But here’s the thing. The millennial generation, or Gen Y, is just as diverse as any other. As a group, they certainly show distinctive tendencies and trends. But like Gen X and the baby boomers before them, millennials can be divided into countless subsets by all the usual segmentation suspects. Every single person born between 1980 and 2000 may have age in common, but they are also the most diverse group on the planet and value individuality above almost all else. What’s true for one millennial may be anathema to another.

This diversity makes the frenzy around marketing to millennials frequently questionable. For example, the assumption that social media is the be-all, end-all channel for reaching millennials. Sure, they are online and probably a site or two ahead of you on the coolness curve. But while they definitely use social media and help drive its evolution, it’s not the only platform they use, and they are not the only ones out there.

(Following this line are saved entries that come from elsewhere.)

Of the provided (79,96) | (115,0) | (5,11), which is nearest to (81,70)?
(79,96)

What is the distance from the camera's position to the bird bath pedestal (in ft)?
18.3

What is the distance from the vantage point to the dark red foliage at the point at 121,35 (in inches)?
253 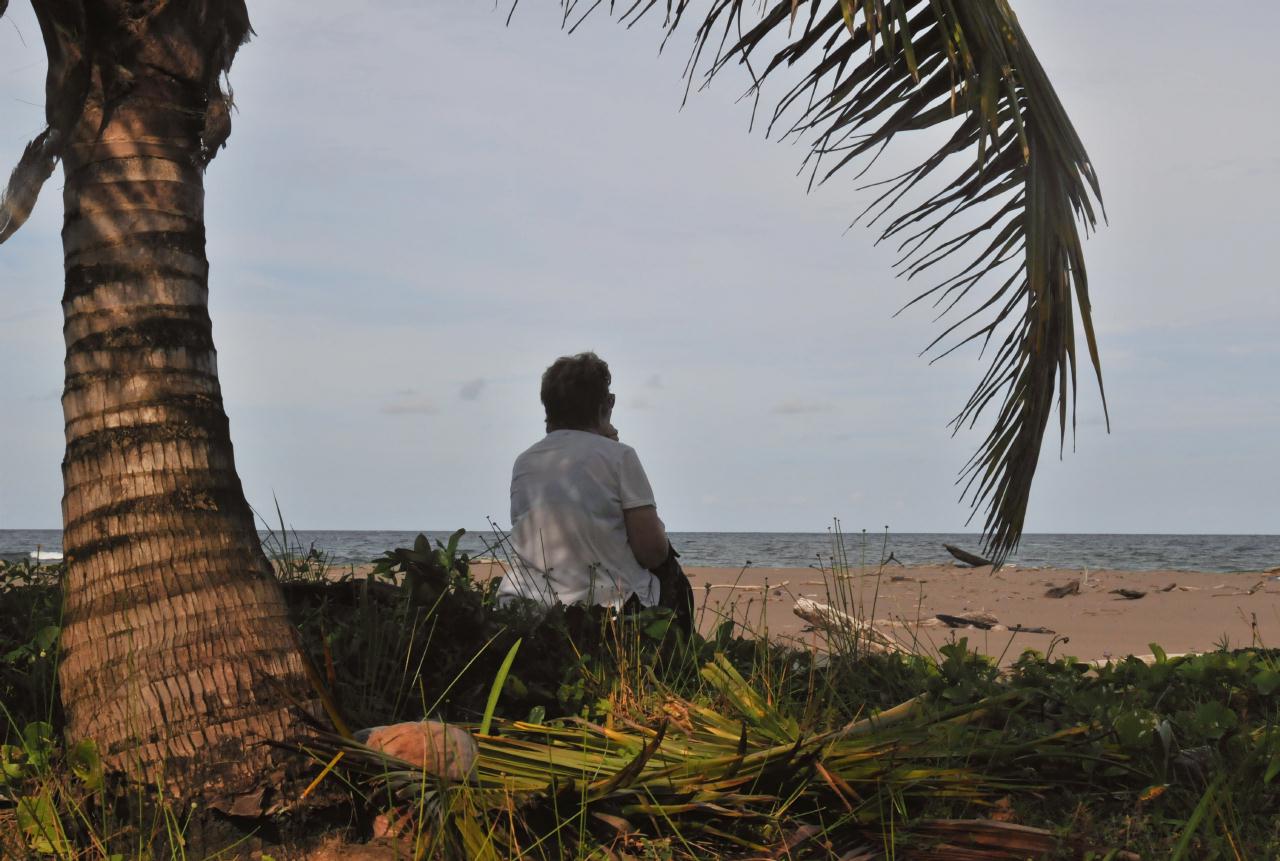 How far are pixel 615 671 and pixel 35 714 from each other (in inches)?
71.4

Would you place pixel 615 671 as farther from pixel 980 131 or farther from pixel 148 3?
pixel 148 3

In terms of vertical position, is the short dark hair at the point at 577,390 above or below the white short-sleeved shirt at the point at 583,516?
above

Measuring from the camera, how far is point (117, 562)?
257cm

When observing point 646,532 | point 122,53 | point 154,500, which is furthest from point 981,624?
point 122,53

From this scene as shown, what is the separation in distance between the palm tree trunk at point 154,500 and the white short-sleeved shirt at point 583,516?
1.91 metres

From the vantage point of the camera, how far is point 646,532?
180 inches

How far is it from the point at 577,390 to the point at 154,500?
240cm

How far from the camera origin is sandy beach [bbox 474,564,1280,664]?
21.0 feet

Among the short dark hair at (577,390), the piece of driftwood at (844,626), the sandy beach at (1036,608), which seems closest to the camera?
the piece of driftwood at (844,626)

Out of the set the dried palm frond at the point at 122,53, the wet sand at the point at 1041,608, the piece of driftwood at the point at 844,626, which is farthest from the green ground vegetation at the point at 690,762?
the dried palm frond at the point at 122,53

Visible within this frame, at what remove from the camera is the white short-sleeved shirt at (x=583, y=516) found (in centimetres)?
454

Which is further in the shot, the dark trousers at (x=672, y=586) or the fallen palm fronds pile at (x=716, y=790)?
the dark trousers at (x=672, y=586)

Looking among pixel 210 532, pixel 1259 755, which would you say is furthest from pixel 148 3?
pixel 1259 755

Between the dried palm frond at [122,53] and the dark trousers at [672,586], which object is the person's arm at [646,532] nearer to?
the dark trousers at [672,586] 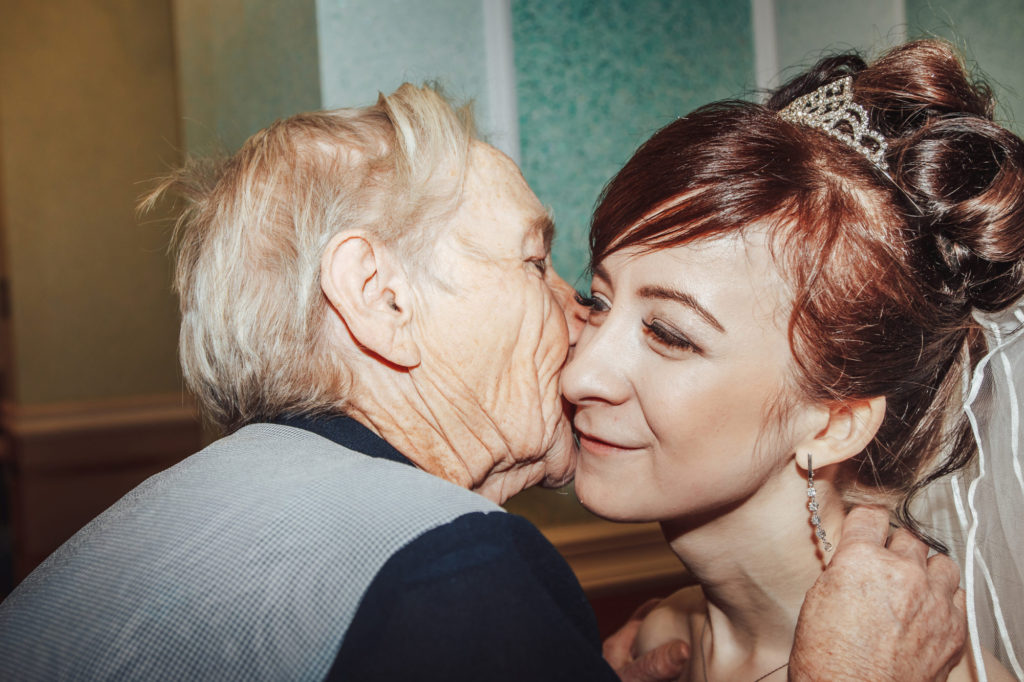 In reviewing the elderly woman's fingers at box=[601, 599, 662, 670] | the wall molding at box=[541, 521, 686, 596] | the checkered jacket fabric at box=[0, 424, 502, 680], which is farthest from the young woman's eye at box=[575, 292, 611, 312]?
the wall molding at box=[541, 521, 686, 596]

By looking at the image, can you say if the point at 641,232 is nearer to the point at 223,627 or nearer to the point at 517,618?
the point at 517,618

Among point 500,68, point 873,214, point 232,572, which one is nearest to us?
point 232,572

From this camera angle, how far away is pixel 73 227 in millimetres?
4660

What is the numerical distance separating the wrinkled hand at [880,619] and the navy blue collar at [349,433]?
0.62 metres

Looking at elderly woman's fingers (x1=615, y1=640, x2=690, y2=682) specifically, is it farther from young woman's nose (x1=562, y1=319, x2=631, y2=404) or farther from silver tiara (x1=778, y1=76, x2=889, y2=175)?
silver tiara (x1=778, y1=76, x2=889, y2=175)

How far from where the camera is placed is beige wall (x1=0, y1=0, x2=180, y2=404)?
14.7 ft

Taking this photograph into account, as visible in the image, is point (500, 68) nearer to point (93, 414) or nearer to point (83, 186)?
point (83, 186)

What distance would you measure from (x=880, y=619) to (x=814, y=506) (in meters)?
0.22

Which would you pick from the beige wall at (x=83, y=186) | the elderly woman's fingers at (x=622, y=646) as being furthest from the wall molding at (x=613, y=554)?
the beige wall at (x=83, y=186)

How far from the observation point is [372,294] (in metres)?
1.18

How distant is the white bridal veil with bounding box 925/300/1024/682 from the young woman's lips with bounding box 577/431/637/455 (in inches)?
21.4

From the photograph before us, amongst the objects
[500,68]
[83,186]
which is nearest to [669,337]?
[500,68]

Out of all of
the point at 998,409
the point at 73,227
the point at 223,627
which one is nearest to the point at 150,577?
the point at 223,627

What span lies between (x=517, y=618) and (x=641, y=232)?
2.21 feet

Social media as a whole has become virtually age agnostic, used across the demographic spectrum. It’s time that we all agree that social media is now a part of our world part of everybody’s world and it isn’t going away.

Mitigating Millennial Myopia: Social Media Beyond Gen Y

The problem with the oversimplification of “social media is for the young” is that it implicitly discredits social as a platform for reaching everyone else. A report comes out that millennials are quitting Facebook, and the marketing world immediately begins looking for other places to direct their efforts. This is a dangerous and faulty knee-jerk reaction. Hundreds of millions of other potential customers are still there, and with less cynicism and overexposure, are probably more receptive to your messages anyway.

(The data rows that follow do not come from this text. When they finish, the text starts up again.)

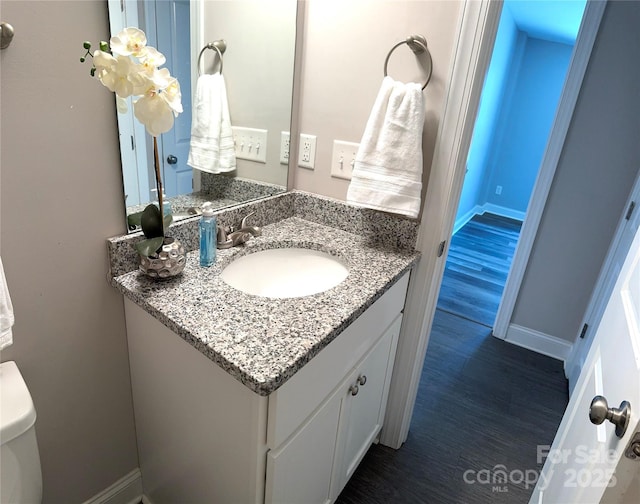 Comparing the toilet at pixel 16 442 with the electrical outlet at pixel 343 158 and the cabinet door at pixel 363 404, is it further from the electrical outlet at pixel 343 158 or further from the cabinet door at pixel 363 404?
the electrical outlet at pixel 343 158

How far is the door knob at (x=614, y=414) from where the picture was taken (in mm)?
661

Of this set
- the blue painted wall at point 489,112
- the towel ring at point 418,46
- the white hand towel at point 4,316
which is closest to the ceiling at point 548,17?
the blue painted wall at point 489,112

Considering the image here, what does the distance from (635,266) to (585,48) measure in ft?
5.31

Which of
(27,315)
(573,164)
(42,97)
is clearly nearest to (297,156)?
(42,97)

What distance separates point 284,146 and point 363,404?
973 mm

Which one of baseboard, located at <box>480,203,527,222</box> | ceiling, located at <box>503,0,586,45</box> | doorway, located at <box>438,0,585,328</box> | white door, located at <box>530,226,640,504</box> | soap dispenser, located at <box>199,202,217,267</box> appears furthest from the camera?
baseboard, located at <box>480,203,527,222</box>

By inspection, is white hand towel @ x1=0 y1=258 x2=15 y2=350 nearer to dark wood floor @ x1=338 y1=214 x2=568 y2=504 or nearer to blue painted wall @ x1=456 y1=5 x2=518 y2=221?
dark wood floor @ x1=338 y1=214 x2=568 y2=504

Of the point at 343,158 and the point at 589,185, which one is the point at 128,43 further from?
the point at 589,185

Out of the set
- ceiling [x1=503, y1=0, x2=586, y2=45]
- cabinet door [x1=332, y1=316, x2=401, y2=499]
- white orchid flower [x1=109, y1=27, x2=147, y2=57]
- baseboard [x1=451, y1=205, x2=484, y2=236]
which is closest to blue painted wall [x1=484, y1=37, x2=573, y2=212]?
ceiling [x1=503, y1=0, x2=586, y2=45]

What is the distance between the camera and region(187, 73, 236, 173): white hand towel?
1.20 metres

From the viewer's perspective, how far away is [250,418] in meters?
0.81

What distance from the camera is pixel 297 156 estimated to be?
5.07ft

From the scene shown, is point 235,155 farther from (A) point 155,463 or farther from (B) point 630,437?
(B) point 630,437

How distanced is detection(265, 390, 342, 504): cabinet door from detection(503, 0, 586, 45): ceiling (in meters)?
3.72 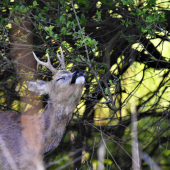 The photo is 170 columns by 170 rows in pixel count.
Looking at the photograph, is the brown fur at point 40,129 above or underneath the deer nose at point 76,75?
underneath

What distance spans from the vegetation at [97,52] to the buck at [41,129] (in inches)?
11.3

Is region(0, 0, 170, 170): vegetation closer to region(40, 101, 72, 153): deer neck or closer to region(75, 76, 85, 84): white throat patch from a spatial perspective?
region(75, 76, 85, 84): white throat patch

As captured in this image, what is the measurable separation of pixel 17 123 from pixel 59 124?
1.97 feet

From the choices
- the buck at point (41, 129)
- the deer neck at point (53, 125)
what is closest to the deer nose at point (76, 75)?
the buck at point (41, 129)

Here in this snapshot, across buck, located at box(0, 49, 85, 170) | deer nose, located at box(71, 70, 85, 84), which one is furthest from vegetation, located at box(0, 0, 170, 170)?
buck, located at box(0, 49, 85, 170)

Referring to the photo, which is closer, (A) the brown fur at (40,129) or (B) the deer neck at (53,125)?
(A) the brown fur at (40,129)

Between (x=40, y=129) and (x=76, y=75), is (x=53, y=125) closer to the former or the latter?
(x=40, y=129)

In my opinion, the blanket efficacy of social for millennial marketing is yet another misconception. Companies often believe that just because they use social media personally, millennials will automatically be its best or worse, only targets from a business perspective. I have spoken with countless financial advisors who use social media for business and have had better success reaching new clients of all ages — particularly those in the 35-to-55 age bracket.

Source: Socialware

A recent example of social media millennial myopia comes from BNY Mellon and the University of Oxford’s Said Business School. In “Want to Win Millennials? Don’t Bet on Social Media,” they concluded that less than 1% of millennials want financial services providers to connect with them through social media. The implication of the article is that if millennials aren’t biting on social, no one will. This assumption, again, is incorrect.

Social media works, even in highly regulated industries like financial services. You can reach millennials, if you do it right. But even if you couldn’t, so what? There are hundreds of millions of GenXers, boomers and beyond socializing away online, and they have money to invest and protect, too.

Social Success at Every Age, in Every Industry

Benefiting from social media is all about knowing how to use it effectively and which tactics to use to target the right audience. Let’s stop focusing on age, generation and even survey results to “prove” the power of social. With thoughtful content, meaningful interactions and strategic decisions, age is truly just a number.